BEGIN Task inputs
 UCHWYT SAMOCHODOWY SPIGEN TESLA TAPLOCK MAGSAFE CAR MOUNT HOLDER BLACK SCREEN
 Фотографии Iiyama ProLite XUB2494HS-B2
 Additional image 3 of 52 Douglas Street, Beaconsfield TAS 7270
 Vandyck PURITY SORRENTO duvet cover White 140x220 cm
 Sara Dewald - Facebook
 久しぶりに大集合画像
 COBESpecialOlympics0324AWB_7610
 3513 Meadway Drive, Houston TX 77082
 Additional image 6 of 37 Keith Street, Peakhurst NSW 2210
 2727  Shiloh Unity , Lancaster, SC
END Task inputs
■ About this exercise ■
Reproduce exactly the lines from the one containing "Additional image 6" through the last line of the records, both included, and nothing else.

■ Result ■
 Additional image 6 of 37 Keith Street, Peakhurst NSW 2210
 2727  Shiloh Unity , Lancaster, SC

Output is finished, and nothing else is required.